In my reading about watches I learned that the wrist watch was the product of war. Pocket watches were worn in elaborate straps to hold them on the wrist. Timing was critical and who had radios...let alone a mobile phone! One thing lead to another. It became customary to engrave the back of the watch one's name and service. A form of current day dog tags which were not mandated until 1916 by the US Army. The tradition continued, even after dog tags were introduced, to engrave the back of a watch with the details of the owner. All of this investigation and the discovery of my Grandfather's "very" engraved watch connected a few dots. When my mother gave me my "lifetime watch", she lamented the store would not engrave my watch. Makes me wonder how Joanne Woodward had "Drive Carefully - Me" on the back of her betrothed's watch?

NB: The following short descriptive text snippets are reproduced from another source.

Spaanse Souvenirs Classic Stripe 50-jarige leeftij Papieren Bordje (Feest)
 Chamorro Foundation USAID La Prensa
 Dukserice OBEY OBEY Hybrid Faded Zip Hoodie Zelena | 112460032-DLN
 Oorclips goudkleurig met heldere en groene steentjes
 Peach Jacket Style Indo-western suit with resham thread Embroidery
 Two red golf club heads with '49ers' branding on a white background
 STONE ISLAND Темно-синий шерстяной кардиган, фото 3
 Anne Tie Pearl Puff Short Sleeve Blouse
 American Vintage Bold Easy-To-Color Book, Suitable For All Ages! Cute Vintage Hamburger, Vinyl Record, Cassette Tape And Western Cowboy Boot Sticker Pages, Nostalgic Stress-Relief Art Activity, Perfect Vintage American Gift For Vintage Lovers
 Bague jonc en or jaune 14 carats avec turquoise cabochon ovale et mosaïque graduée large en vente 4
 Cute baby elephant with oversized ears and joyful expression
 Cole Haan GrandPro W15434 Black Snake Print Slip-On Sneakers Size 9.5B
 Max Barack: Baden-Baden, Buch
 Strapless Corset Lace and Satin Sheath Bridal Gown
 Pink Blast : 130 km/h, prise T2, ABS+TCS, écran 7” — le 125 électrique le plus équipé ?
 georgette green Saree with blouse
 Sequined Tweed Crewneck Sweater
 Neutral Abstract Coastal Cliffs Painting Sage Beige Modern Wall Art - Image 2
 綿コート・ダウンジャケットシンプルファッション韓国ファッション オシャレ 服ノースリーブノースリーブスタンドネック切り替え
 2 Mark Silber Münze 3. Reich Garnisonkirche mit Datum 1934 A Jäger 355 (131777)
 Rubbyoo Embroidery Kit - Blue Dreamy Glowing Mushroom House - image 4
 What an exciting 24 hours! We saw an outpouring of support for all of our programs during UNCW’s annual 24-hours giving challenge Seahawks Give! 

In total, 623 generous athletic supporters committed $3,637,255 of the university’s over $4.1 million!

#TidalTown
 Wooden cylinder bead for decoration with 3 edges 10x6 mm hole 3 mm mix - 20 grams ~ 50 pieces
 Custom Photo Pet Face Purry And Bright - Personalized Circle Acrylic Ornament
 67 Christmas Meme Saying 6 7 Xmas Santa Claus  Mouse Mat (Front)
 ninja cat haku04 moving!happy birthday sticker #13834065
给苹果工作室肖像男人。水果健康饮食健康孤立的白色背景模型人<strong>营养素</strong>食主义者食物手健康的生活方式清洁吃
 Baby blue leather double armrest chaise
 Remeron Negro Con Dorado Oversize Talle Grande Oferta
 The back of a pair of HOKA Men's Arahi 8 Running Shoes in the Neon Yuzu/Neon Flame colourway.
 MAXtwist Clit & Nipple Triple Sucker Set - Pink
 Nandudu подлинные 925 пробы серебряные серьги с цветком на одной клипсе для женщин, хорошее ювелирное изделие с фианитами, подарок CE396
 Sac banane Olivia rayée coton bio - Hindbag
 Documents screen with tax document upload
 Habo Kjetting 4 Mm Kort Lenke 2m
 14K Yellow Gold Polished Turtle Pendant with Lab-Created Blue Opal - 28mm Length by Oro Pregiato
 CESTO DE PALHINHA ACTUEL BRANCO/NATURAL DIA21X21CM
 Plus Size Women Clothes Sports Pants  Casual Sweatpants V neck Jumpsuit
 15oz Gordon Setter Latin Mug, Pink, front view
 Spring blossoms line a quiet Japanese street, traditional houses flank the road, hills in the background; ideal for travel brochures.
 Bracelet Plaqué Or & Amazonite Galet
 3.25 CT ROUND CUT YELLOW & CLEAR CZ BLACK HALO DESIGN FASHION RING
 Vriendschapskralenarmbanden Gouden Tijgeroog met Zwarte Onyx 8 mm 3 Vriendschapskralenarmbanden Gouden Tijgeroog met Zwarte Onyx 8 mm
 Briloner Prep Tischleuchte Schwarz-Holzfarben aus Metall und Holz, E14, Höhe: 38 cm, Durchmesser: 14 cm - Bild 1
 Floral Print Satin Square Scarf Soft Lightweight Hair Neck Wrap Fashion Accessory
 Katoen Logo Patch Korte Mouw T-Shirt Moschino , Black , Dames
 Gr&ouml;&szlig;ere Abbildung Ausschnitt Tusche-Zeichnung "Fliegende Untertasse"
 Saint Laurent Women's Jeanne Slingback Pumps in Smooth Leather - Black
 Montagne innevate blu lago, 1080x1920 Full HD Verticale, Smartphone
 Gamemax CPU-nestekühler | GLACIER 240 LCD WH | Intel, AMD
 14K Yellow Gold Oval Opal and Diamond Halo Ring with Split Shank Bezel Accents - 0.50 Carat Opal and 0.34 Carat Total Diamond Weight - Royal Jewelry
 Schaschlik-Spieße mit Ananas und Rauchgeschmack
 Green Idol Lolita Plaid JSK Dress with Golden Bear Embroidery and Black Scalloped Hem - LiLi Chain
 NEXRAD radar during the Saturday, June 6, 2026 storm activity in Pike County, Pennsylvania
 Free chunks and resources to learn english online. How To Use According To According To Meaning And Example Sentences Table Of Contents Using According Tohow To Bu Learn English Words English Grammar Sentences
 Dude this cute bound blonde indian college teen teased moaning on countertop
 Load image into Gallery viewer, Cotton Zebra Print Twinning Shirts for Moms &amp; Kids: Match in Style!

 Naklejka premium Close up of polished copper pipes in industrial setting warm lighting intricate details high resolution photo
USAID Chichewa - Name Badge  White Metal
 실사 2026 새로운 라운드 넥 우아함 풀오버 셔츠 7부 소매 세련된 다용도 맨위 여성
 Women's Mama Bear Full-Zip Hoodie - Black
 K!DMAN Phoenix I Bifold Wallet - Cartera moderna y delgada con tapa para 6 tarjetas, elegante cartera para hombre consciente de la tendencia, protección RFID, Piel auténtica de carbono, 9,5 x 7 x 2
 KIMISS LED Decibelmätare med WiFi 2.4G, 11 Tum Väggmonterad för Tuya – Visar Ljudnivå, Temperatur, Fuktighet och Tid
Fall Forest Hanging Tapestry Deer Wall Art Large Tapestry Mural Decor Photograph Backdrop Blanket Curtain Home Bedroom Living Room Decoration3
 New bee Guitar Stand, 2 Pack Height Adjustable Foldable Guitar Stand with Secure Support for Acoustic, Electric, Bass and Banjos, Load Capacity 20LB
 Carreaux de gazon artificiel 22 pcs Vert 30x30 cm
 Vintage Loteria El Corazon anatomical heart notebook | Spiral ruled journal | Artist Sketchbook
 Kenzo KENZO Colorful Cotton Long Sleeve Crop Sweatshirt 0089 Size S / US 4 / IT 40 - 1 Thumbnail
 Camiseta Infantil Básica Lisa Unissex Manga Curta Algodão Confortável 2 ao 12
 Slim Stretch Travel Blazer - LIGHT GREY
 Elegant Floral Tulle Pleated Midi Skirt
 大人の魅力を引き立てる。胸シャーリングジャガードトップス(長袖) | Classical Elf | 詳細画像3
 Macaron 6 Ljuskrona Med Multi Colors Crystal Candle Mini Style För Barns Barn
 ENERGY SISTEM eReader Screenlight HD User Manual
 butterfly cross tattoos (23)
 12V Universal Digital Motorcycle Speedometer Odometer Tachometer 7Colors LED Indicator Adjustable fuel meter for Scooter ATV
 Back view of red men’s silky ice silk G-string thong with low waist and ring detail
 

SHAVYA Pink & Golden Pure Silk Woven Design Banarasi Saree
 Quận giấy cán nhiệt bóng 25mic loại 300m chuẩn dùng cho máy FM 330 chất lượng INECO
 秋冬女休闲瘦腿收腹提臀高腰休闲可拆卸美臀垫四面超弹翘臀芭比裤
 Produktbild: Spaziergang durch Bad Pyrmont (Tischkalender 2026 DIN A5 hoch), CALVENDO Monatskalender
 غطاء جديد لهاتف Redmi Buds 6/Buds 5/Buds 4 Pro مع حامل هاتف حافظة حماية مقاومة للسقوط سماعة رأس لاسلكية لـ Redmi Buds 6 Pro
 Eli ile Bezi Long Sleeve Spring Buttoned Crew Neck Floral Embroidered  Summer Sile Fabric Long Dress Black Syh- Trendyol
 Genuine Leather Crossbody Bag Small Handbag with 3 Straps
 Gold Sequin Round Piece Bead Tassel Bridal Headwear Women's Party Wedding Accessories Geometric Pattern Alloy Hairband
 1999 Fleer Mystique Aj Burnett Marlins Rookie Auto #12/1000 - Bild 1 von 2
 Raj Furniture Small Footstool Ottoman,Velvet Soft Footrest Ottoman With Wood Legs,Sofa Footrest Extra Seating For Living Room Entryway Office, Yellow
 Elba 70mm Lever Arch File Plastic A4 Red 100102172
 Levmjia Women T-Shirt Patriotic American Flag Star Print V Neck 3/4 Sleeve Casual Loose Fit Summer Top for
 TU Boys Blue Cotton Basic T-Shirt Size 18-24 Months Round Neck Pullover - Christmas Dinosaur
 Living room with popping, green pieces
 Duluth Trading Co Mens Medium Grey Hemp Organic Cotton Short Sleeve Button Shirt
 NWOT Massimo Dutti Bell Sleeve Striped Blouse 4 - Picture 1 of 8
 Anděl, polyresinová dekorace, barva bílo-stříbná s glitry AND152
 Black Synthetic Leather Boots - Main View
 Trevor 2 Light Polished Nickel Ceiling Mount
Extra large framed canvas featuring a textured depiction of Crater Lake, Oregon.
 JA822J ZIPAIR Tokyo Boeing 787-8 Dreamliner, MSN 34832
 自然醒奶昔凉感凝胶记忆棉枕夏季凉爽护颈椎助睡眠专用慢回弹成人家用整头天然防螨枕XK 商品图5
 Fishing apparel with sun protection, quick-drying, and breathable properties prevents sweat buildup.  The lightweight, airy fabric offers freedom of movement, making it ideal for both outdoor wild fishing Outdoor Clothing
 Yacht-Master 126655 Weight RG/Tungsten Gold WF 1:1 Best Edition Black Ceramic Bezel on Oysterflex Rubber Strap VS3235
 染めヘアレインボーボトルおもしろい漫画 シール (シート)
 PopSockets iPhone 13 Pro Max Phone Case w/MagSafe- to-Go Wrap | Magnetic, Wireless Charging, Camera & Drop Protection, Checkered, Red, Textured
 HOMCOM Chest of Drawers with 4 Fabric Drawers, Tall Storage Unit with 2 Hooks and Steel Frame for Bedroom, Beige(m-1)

The watch belonged to my Grandfather. My daughter now occasionally dawns this watch with a tired alligator band for nice occasions. I recall with some humor and dismay that she announced the watch was "broken" because it would not run. That was rectified once I explained to her how to wind a watch. Imagine!
As for the watch itself, not much is known. Google searches have not yielded any specific details for this novice watch collector. Girard Perregaux was a quality Swiss watch maker unlike Rolex which contracted others to make their watches of the same era.
A new alligator band would freshen up this watch. It is too small for a man to wear today and looks best on a woman. Tastes have changed. Perhaps someday it will be worn with family pride.
Better photos to come, but for now, this is a start.